Taking it one step further, some "privacy" services will get you to sign up for the WHOIS privacy service and then they turn around and happily offer to sell your true data to anybody else who cares to pay for it.

We do NOT offer WHOIS privacy services. We do not want clients who want to hide themselves by not publishing their identity in WHOIS database.

Registrar-lock

There has historically been a real problem with "domain slamming" (see above) and unauthorized domain transfers, so the "registrar-lock" was created to protect a domain against this. If the registrar lock is set, nobody can transfer your domain away from you. This is actually a good thing and best practices include having this set for all your domains. The sharper registrars enable it by default when they register or transfer a domain for you. Alas, this lock can become a real problem for you if it is turned on and the registrar will not turn it off, or give you the ability to turn it on or off yourself.

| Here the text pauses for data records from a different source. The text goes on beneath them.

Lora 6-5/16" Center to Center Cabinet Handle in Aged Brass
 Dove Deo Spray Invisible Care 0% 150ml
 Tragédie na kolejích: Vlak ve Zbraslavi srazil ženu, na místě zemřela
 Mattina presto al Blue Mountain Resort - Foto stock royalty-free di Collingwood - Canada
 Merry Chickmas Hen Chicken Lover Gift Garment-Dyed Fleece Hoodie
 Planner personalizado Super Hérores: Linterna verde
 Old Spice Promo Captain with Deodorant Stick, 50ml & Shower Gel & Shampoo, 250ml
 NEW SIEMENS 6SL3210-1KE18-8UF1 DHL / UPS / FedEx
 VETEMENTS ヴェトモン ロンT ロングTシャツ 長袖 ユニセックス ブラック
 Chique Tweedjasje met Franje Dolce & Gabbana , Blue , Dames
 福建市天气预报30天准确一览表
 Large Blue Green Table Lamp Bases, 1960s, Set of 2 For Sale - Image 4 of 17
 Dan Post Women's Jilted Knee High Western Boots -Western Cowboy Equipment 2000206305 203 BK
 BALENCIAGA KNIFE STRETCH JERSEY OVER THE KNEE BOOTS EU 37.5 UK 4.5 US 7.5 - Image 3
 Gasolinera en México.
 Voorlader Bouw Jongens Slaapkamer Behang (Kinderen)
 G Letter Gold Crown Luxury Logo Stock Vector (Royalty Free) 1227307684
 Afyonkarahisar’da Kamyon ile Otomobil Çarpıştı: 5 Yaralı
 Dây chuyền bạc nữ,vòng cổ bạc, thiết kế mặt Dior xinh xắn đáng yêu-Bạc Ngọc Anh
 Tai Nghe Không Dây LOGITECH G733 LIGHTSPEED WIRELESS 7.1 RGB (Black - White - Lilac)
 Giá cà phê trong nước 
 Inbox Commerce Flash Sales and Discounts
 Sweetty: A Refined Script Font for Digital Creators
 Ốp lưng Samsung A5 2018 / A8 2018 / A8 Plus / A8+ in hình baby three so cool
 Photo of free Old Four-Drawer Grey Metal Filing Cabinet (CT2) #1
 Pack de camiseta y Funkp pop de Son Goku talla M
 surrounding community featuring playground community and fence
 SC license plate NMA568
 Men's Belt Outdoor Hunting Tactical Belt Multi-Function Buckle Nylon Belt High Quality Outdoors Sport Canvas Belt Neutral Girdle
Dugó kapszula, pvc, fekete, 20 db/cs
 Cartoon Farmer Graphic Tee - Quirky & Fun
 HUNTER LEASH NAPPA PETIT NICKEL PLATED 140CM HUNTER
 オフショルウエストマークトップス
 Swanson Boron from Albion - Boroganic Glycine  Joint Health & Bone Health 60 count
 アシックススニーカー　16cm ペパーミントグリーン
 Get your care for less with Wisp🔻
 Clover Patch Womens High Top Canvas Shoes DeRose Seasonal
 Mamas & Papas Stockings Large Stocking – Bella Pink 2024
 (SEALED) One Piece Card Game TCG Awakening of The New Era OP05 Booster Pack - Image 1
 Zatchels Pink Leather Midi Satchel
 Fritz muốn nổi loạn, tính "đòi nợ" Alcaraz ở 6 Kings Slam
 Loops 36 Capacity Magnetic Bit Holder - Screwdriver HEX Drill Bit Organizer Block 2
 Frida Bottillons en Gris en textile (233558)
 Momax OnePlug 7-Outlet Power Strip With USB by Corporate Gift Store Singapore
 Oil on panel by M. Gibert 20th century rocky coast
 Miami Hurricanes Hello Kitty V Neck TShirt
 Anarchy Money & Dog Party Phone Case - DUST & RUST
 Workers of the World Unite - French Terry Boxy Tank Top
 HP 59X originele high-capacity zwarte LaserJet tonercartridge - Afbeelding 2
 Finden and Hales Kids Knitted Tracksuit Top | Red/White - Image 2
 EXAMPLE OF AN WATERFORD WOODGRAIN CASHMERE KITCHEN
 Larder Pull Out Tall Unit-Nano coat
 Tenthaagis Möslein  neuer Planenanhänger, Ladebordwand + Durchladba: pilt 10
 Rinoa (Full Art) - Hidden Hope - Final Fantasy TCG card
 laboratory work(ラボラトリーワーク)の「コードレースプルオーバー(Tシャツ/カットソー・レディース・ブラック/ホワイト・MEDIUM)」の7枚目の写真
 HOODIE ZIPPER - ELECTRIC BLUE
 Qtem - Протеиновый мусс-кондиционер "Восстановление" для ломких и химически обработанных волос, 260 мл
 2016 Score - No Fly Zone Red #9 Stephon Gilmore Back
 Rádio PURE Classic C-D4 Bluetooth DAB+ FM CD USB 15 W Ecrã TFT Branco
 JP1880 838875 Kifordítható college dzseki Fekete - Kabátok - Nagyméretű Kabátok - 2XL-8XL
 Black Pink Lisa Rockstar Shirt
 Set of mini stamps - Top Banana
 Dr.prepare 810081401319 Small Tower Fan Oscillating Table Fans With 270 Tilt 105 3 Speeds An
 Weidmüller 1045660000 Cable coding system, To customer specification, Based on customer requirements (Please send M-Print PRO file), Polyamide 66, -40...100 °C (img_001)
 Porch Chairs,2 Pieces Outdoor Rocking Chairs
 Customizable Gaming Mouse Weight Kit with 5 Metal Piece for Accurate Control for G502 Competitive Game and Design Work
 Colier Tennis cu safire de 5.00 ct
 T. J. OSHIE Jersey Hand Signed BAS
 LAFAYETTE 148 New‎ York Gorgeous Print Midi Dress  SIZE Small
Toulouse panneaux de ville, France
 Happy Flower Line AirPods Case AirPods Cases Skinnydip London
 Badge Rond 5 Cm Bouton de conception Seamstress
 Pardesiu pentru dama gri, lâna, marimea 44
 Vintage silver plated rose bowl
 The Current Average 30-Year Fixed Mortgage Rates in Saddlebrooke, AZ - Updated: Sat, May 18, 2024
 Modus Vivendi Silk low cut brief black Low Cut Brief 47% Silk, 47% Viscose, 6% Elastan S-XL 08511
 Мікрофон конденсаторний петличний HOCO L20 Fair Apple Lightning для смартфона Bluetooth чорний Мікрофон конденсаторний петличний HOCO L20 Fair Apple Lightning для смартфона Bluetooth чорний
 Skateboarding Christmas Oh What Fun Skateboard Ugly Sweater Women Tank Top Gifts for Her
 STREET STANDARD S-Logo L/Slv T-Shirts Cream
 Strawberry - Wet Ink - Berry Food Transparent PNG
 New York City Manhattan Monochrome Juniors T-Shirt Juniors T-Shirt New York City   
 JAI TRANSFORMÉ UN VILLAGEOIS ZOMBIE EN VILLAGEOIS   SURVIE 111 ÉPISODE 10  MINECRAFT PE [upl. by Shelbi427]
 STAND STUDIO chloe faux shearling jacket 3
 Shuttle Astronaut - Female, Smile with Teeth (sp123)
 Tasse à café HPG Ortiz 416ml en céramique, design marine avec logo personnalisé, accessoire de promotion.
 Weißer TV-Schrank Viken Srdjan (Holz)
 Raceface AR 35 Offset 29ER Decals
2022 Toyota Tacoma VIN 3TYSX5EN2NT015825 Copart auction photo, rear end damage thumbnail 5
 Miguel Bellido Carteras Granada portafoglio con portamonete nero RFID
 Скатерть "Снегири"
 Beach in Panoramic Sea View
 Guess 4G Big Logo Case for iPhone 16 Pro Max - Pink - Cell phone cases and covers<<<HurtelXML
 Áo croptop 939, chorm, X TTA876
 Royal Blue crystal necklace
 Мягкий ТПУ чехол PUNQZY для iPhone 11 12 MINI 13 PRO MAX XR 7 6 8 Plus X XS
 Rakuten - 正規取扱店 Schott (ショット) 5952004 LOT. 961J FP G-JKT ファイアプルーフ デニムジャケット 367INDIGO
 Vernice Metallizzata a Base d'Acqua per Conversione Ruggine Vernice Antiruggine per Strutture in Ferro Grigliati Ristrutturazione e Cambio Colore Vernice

Our control panel allows you to lock and unlock your domain and we strongly suggest to lock your domain as soon as you do any changes. We, ourself do not lock your domain.

Domain Auth-code

Some of the Top-Level-Domains (TLDs) run on a protocol called "EPP" and to further guard against unauthorized transfers, a domain must have an 8-character auth-code supplied before it will transfer. Current examples are .BIZ, .INFO and .ORG. The current or "losing" registrar holds this code. You need it if you want to move your domain away. Hopefully they will give it to you.

Your control panel lists the AUTH-CODE and is available for you all the time without even contacting us.

Domain Parking

You may not know this, but domain parking is big business. You know, when you click on a link somewhere or make a typo entering a web address and you wind up on some crapola "search page" optionally throwing up a million pop-up ads? That is a parked domain and the larger players can park thousands of domains and make literally millions of dollars "monetizing" them via domain parking.

You know who has access to thousands of domains? Domain registrars. Some of them offer domain registrations at rock bottom prices just so they can monetize the parked names. This may not bother you, but some people don't realize they're paying for something their registrar then uses to generate more revenue for themselves.

At the time of registration and also in the control panel, you can specify the name server that you want. It defaults to our name server if you do not specify any and shows "Under Construction" page until you host your website or change the name server. We do not display any advertisements to make money from it, we just display our own logo and list our services.